We showed him our Swiss Army knives, the kind with all the gizmos you never use. He suppressed a laugh, shook his head and in his eyes you could see him debating if he should go through with the deal. But he smelt those fresh dollars and reconsidered.
“Wait here,” he said, disappearing into a cabin.
Moments later he reappeared, holding three machetes.
“You’ll want these,” he said handing them to us.
“For what?” I asked.
He nodded toward the crew that milled about on the deck. All of them were big, muscular Africans. They had the look sailors get when they’ve blown all their money and only have hangovers to show for it.
“They’re from Ghana, so you shouldn’t have any trouble with them,” he said. “If they were Nigerian…” he made a slicing motion across his neck.
I tried to get a feel for the machete as quickly as possible.
“You’ll be sleeping on the deck, and the rats come out at night,” he said. “Keep your machete in hand’s reach.”
“I’m already sleeping with one hand on my camera gear,” Craig said as he awkwardly handled the machete. “Are you sure I’ll need this?”
The captain walked off, recounting his money. “Oh, you’ll find a use for them all right.”
At that moment one of the crew unzipped his pants and took a long, arcing whiz right over my surfboard and down into the ocean below.
I looked at Craig. “What makes him so sure they’re not Nigerian?”
Sumatra, Indonesia, 2003
The Seimoa I, our charter yacht for exploring the Mentawais, was moored a short distance off the shore outside the port city of Padang. Thirty years later, I was about to embark on another boat trip to a foreign shore, but the similarities ended there. This was no rust-bucket freighter. It was a 61-foot luxury motor yacht, custom fitted for surfers. Seven of us waited on the dock for the Zodiac to come skimming across the bay and pick us up. In rapid succession we arrived in Sumatra from various parts of the globe, had a poolside layover at a plush hotel and were now embarking on a surf trip that was, like the yacht before us, customized.

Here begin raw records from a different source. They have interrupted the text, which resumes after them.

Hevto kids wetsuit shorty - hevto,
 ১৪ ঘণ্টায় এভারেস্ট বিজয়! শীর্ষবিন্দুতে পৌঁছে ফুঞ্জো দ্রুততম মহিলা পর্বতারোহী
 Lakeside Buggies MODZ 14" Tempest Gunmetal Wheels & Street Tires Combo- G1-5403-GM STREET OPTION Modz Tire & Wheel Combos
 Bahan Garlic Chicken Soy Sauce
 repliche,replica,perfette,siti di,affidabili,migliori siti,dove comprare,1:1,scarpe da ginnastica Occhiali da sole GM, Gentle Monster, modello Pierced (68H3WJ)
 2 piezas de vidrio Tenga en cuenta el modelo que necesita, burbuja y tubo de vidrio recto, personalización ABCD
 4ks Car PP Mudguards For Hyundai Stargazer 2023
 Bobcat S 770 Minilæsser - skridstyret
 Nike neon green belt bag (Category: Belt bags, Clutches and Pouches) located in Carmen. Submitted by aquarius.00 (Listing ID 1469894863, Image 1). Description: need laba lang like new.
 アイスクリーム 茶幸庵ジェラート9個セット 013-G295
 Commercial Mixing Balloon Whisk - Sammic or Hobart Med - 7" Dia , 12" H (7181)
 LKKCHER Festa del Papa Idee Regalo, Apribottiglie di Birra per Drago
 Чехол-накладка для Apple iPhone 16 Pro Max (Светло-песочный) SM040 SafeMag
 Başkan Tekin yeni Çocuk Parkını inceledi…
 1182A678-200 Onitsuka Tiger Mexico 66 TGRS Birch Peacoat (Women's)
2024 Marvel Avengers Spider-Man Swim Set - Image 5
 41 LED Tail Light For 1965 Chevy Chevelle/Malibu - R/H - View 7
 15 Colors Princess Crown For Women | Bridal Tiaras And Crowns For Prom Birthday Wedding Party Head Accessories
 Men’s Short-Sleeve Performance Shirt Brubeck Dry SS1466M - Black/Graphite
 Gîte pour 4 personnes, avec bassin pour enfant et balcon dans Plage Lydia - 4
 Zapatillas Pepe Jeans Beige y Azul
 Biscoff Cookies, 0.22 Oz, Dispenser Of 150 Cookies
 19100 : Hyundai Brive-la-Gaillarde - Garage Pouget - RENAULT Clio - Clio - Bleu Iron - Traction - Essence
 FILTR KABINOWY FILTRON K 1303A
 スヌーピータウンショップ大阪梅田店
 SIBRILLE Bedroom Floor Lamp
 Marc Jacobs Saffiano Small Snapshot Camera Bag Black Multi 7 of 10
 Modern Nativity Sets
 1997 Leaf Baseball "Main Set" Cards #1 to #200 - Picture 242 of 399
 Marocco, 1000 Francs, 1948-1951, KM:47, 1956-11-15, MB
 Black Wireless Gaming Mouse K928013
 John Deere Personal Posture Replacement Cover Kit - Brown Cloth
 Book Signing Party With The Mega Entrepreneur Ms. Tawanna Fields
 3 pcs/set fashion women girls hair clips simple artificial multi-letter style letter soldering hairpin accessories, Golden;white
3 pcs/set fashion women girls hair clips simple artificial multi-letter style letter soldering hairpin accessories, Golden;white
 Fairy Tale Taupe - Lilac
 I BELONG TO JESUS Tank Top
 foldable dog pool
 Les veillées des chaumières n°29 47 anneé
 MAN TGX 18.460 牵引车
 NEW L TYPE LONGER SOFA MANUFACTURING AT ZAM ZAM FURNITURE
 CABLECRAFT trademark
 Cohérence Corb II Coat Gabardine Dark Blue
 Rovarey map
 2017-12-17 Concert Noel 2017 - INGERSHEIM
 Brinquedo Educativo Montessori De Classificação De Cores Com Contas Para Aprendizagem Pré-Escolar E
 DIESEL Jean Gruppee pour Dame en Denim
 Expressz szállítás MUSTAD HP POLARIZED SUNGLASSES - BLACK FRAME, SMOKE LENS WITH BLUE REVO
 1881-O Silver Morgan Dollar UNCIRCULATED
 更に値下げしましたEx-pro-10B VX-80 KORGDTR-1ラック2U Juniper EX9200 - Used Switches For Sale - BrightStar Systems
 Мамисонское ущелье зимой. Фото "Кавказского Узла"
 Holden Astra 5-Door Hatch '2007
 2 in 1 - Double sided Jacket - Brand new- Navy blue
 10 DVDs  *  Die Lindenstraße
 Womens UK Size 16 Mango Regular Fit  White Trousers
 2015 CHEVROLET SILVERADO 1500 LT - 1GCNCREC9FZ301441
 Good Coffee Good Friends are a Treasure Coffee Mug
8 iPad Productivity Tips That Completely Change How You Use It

I was recruited by Scott Bass, SURFER’s online editor who wanted to see how today’s surf trips measure up to past adventures. Craig Peterson and I saw our fair share of those adventures. And like all travelers, I’m always up for another trip. Only this trip wasn’t going to be as feral as our past searches for surf. Bass lined up the Seimoa I, then organized the pro surfers and legendary surf photographer Jeff Divine. Bass felt that my years of chasing down tramp freighters and groveling on the road were just the sort of qualifications needed to comment on the current state of surf travel. I agreed.